Turning 60 is a big deal… and so it’s only fitting that Fritz Hansen decided it was due time to celebrate the iconic trio of chairs with a limited edition collection that’s sure to sell out. We especially love the fact that these chairs, which were first presented in 1958, are getting a resurgence.
The original idea was to add a little bit of feminine style to the rigid SAS Royal Hotel (renamed the Radisson Blu Royal Hotel) in Copenhagen. Jacobsen was interested in designing something that made the people who sat in his chairs look beautiful. And as an architect, Jacobsen was quite interested in the “scientific” part of his work.
Within the hotel’s original lobby, the Egg chair encompassed its visitor and the Swan chair opened it’s arms to its visitor. The smaller-scale Drop chair was placed in the guest rooms and the restaurant area. Andersen was quoted as saying about the Drop chair which was perfect for his wife, “Instead of enclosing the individual, it points to and accentuates her.”
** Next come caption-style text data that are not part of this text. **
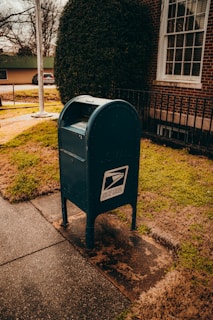 A blue United States Postal Service mailbox stands on a sidewalk near a brick building. The area around the mailbox is covered with grass and patches of dirt. A window with white frames is visible on the building, and a large bush is positioned nearby.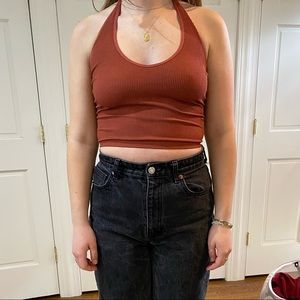 Out from under burnt orange halter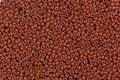 Brown beads texture on macro. Royalty Free Stock Photo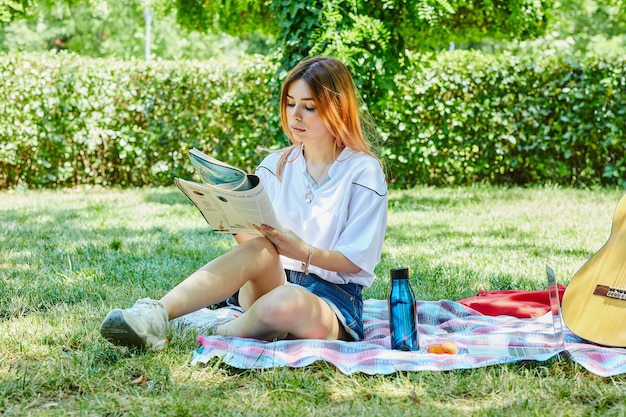 Mulher jovem sentada na grama enquanto lê o diário ao lado do violão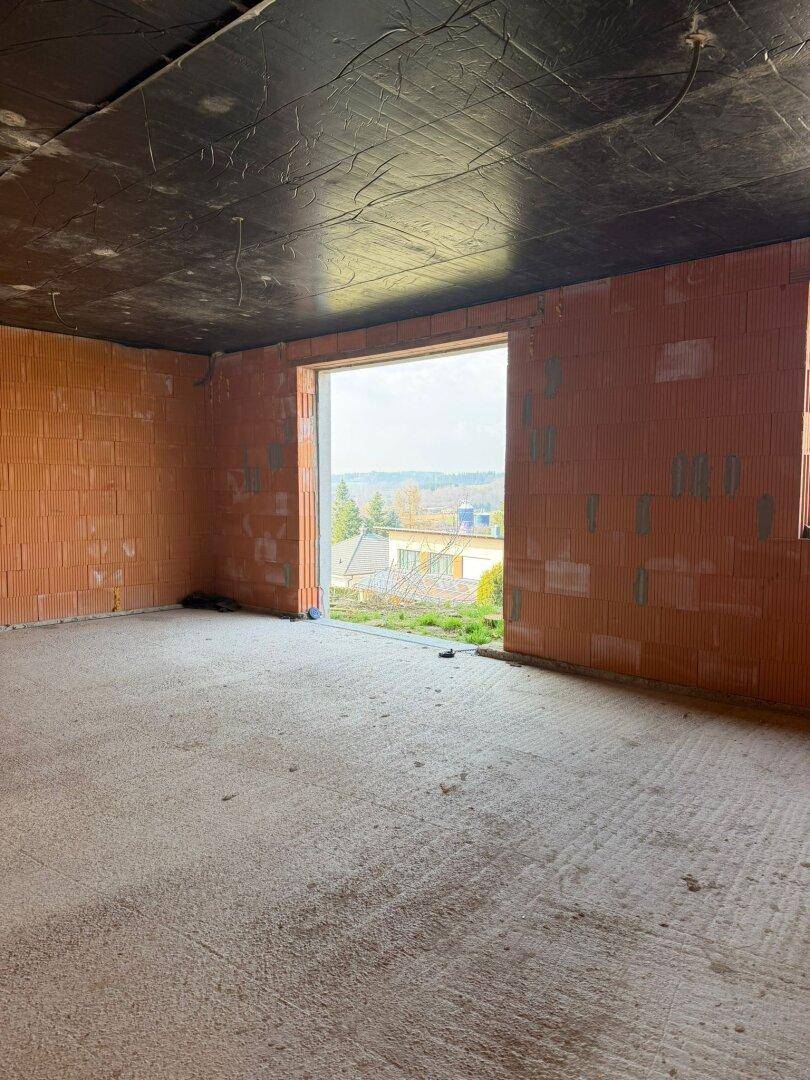 Unfertiger Raum im Rohbau mit Ziegelwänden, Betonboden und großer Fensteröffnung mit Blick ins Grüne.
So in celebration of #60… a limited production of 1,958 Egg and Swan chairs are being reupholstered in “pure” leather. This leather has never been water-treated or dyed and maintains the hide’s natural grain and color, which clearly darkens with use and exposure to sunlight. Each piece is 100% unique, numbered, and includes a handwritten card which details all of it’s “blemishes”. The Drop chair will also be available this year (and this year only) and is upholstered with a durable taupe-hued fabric that’s rich in color. The Egg, Swan and Drop chairs all have 4-star aluminum bases, electroplated in 23-katat cold that’ll age gracefully over time.
All these updates were done in collaboration with Jacobsen’s family. The two entities have worked together since the designer’s death in 1971. Fritz Hansen and the Jacobsen family recently enhanced their connection through Jacobsen’s grandson, Tobias. The young Jacobsen studied design at the Royal Danish Academy of Fine Arts, following in his grandfather’s footsteps.
Always the diligent gardner, Jacobsen spent the first part of his career designing homes and gardens for Denmark’s growing suburbs. Built to accompany the development of Denmark’s highway system, these homes were quite modest. Nevertheless, this project allowed Jacobsen to develop his techniques for fusing together the natural world.
With Jacobsen, homes were reduced in size to their most basic and minimalistic forms. Decorations and other “obstructions” were removed to allow for as much natural light and outdoor views as possible. Within just a few years, the house and garden were considered one and the same.
Jacobsen’s career was put on hold when he was forced to flee Denmark at the start of World War II. Similar to other Danish citizen, Jacobsen went across the border to Sweden, where he spent two years in order to avoid Nazi rule and transportation to a concentration camp.
Jacobsen was unique in that he was also considered an architect and a gardener; however today, most of us know Jacobsen as a designer… a word he is said to have notoriously disliked. His important contribution to modernism helped cement the idea that the “movement” came from Scandinavian countries.